All of the data should be output character for character, except the pictures.

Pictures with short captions
************
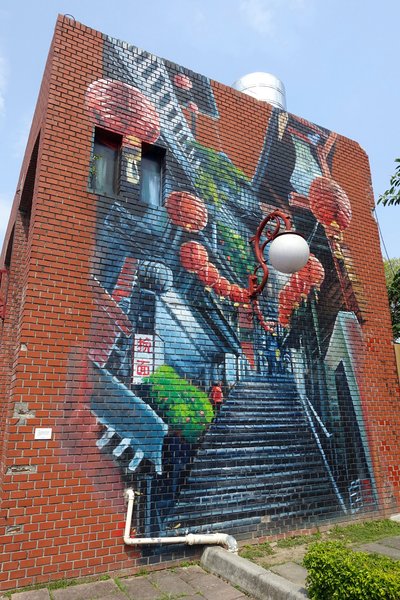 板橋435藝文特區：(胖樺遊記)新北市闔家大小遊憩好去處「板橋435藝文特區」。沙地/玩具博物館/彩繪/展覽/音樂會/草地/溜小孩/溜寵物/中正紀念堂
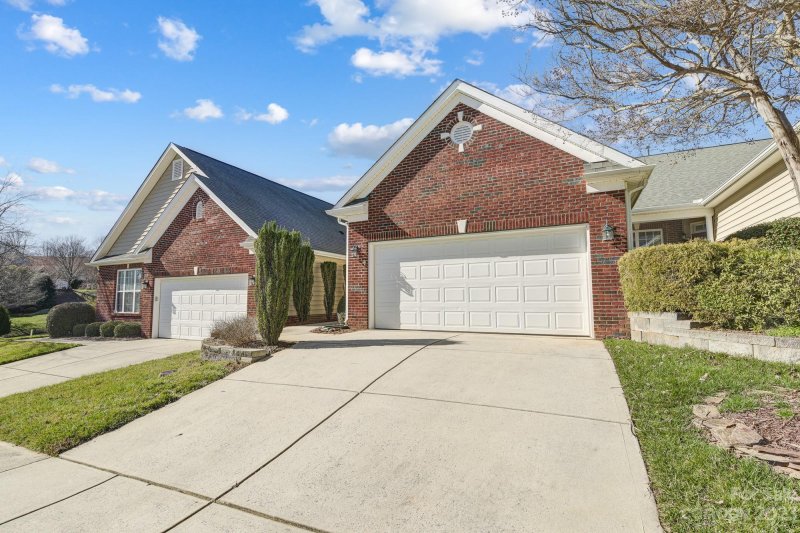 3253 Sapphire Lane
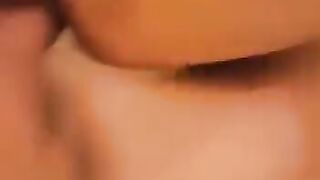 Vieni cosi ti prego - Come gode col cazzone in culo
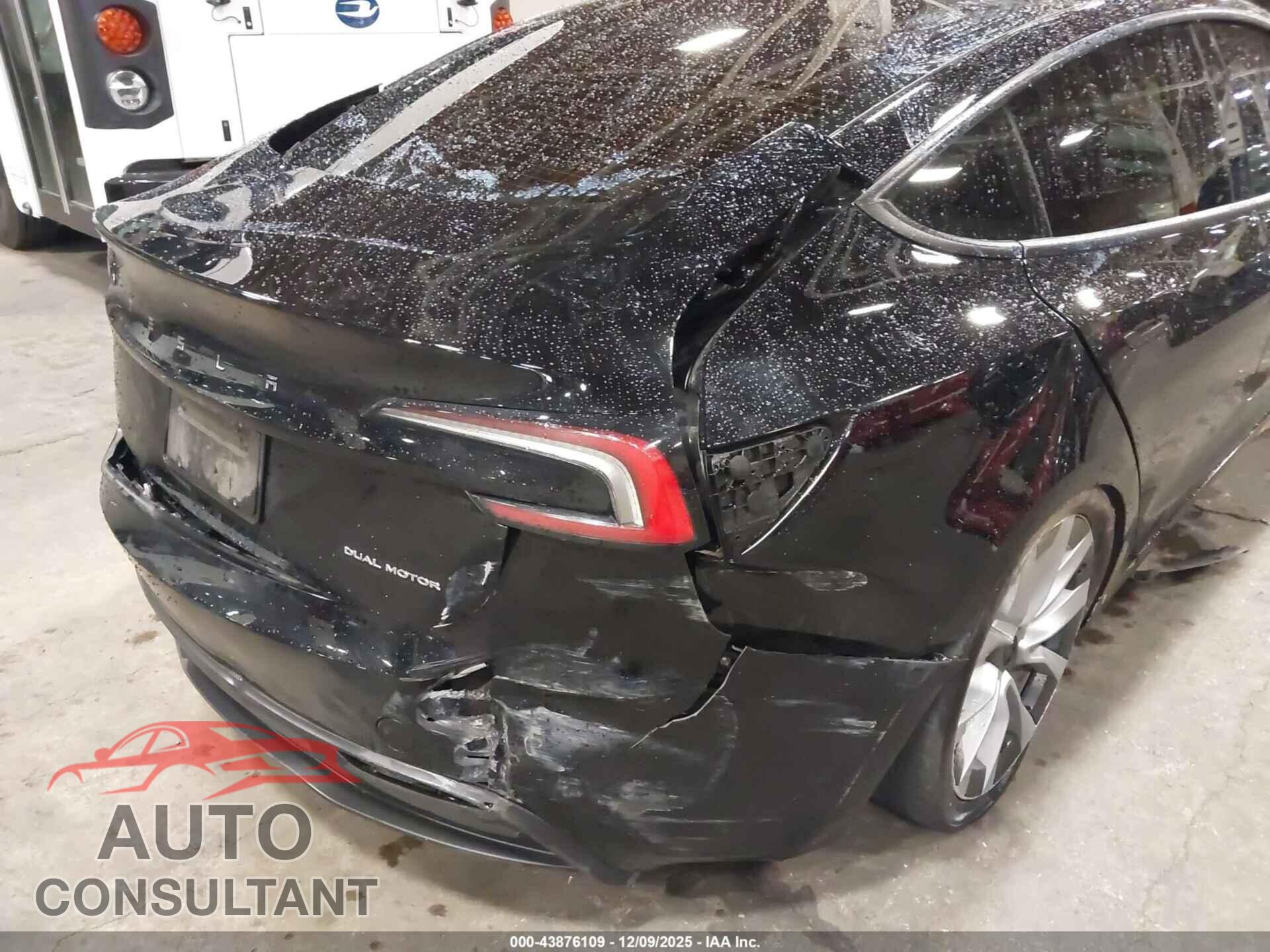 TESLA MODEL 3 2024 - 5YJ3E1EB6RF732467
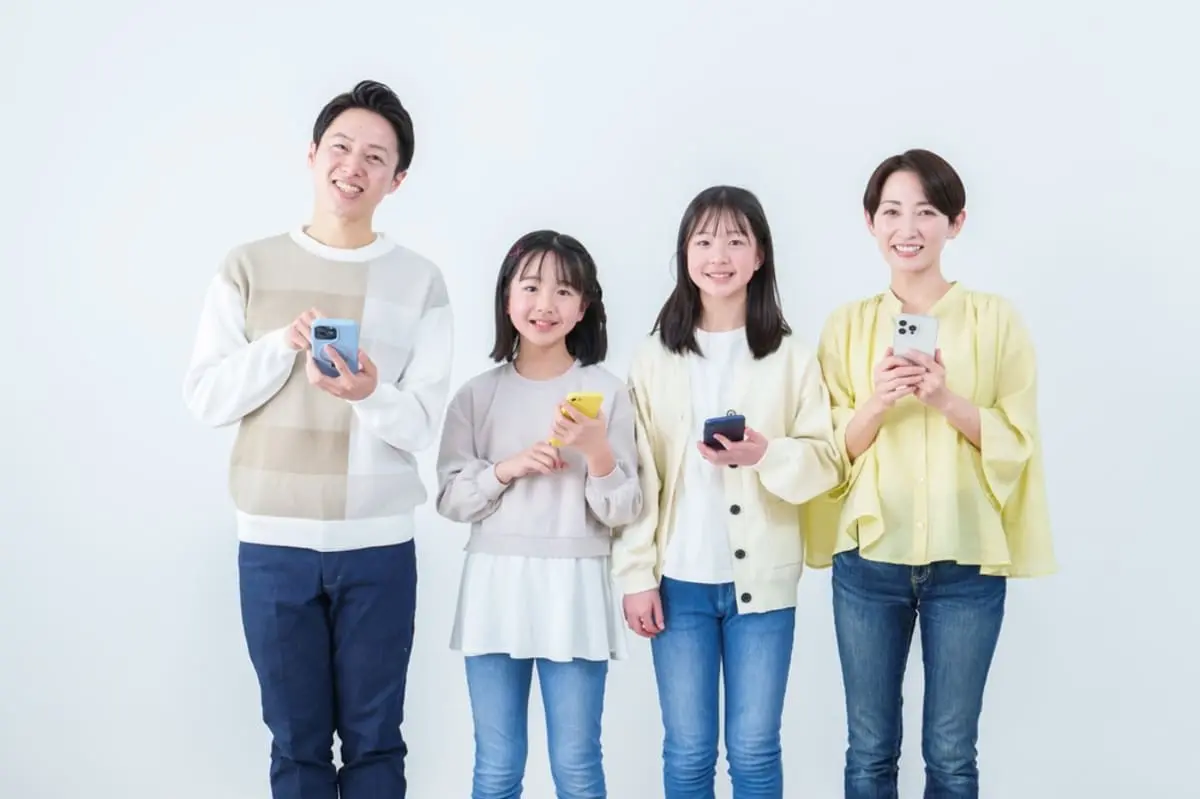 家族のスマホ代を合計すると意外と高い…？ 「y.u mobile」のシェアプランにするとどれくらいお得？
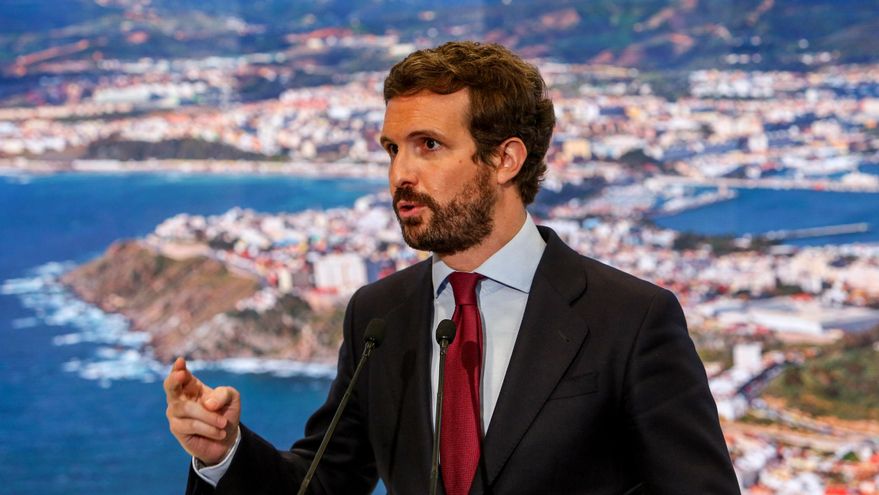 El presidente del PP, Pablo Casado, ofrece declaraciones a los medios desde el stand de Turismo de Ceuta, en Fitur 2021, a 20 de mayo de 2021, en Madrid (España).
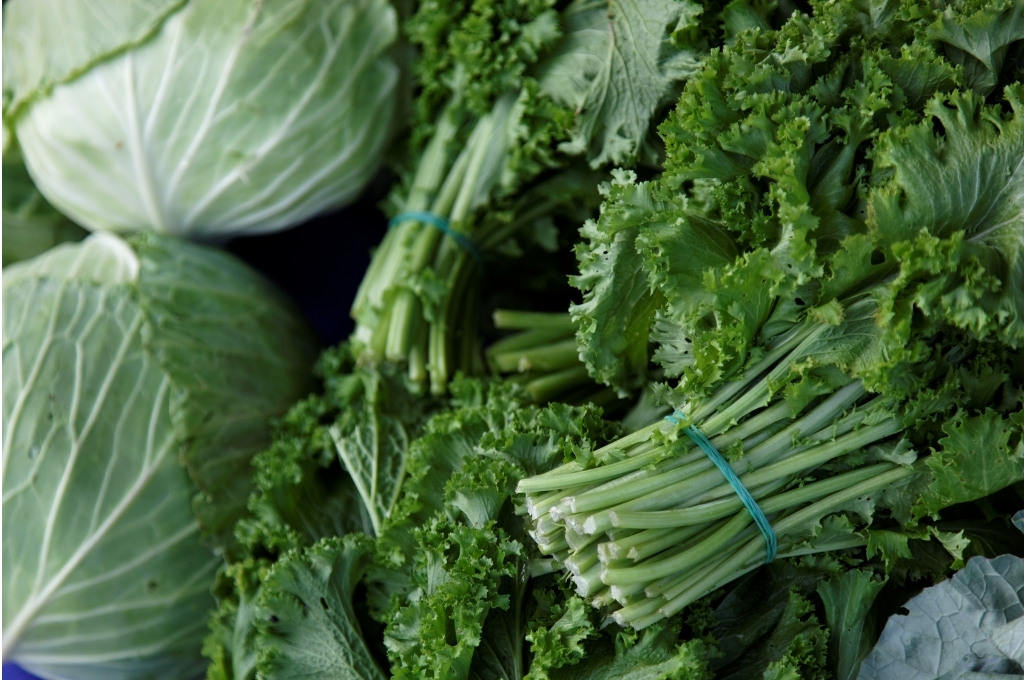 anti-inflammatory leafy greens with folate for nerve health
************
- Expected answer -
 板橋435藝文特區：(胖樺遊記)新北市闔家大小遊憩好去處「板橋435藝文特區」。沙地/玩具博物館/彩繪/展覽/音樂會/草地/溜小孩/溜寵物/中正紀念堂
 3253 Sapphire Lane
 Vieni cosi ti prego - Come gode col cazzone in culo
 TESLA MODEL 3 2024 - 5YJ3E1EB6RF732467
 家族のスマホ代を合計すると意外と高い…？ 「y.u mobile」のシェアプランにするとどれくらいお得？
 El presidente del PP, Pablo Casado, ofrece declaraciones a los medios desde el stand de Turismo de Ceuta, en Fitur 2021, a 20 de mayo de 2021, en Madrid (España).
 anti-inflammatory leafy greens with folate for nerve health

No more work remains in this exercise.